Deputy firing stands in deadly chokehold
A Harris County law enforcement board on Wednesday upheld the firing of a former sheriff ’s deputy who helped restrain a man as her husband choked him to death outside of a Houston-area Denny’s restaurant.
The Harris County Sheriff’s Civil Service Commission unanimously agreed that the Sheriff ’s Office was correct in relieving Chauna Thompson of duty, one commissioner stating he did not find her testimony credible.
The hearing centered around a May 28, 2017, altercation where Thompson’s then-husband, Terry Thompson, confronted 24-year-old John Hernandez for urinating outside a Denny’s along the Crosby Freeway. The argument turned physical, and Terry Thompson tackled and placed the young man in a chokehold.
Cellphone footage of the incident appeared to show Chauna Thompson by her husband’s side, helping him restrain Hernandez’s hand and cursing at him to stop moving. While offduty at the time, she helped perform CPR on the unconscious man, although it was unsuccessful. Hernandez died three days later.
Harris County attorneys delivered arguments on behalf of the Harris County Sheriff’s Office, saying Chauna Thompson had several options to de-escalate the situation before Hernandez stopped breathing.
“The Sheriff’s Office cannot employ individuals that lack the judgment that Ms. Thompson
lacked that night,” Assistant County Attorney Stan Clark said.
Attorney Greg Cagle, who represents Thompson, countered that Hernandez was the sole aggressor in the fight. He was clearly intoxicated and had a history of violence, Cagle said, and the district attorney’s charging of Terry and Chauna Thompson a week later prompted the Sheriff’s Office to bend to political pressure and fire the deputy.
Investigators found that Terry Thompson had shared racist posts against Hispanic people on Facebook, prompting widespread concerns that Hernandez’s death was racially motivated. Those allegations unjustly spread to his wife, Cagle said.
“Chauna Thompson didn’t do anything wrong,” he said.
The Sheriff’s Office fired Thompson in July 2017. After one
jury mistrial, her husband was convicted last November of murder and is now serving a 25-yearprison sentence.
Prosecutors then wiped the exdeputy’s murder charge just weeks before her scheduled jury trial. In April, prosecutors said they were unable to “prove beyond a reasonable doubt” that she committed a crime in Hernandez’s death.

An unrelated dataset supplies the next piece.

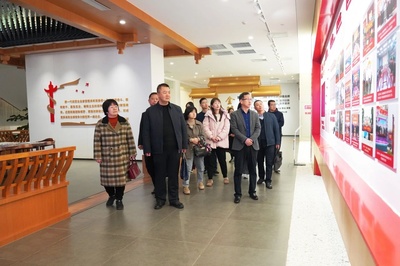 党建引领聚合力 校企共建谱新篇 金鹏与滁州学院党组织开展结对共建活动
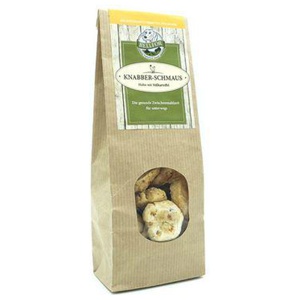 Bellfor Hundekekse Knabber-Schmaus mit frischem Hühnerfleisch - 100g Produktbild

Commissioners on Wednesday still sided with the Sheriff’s Office, whose representatives said that Thompson owed Hernandez the same level of protection as her husband.
One commissioner said that Thompson might have responded to the situation differently had her husband not been involved, and another said he didn’t believe Thompson’s statements that she saw her husband put Hernandez in a “bear hug,” not a “chokehold.”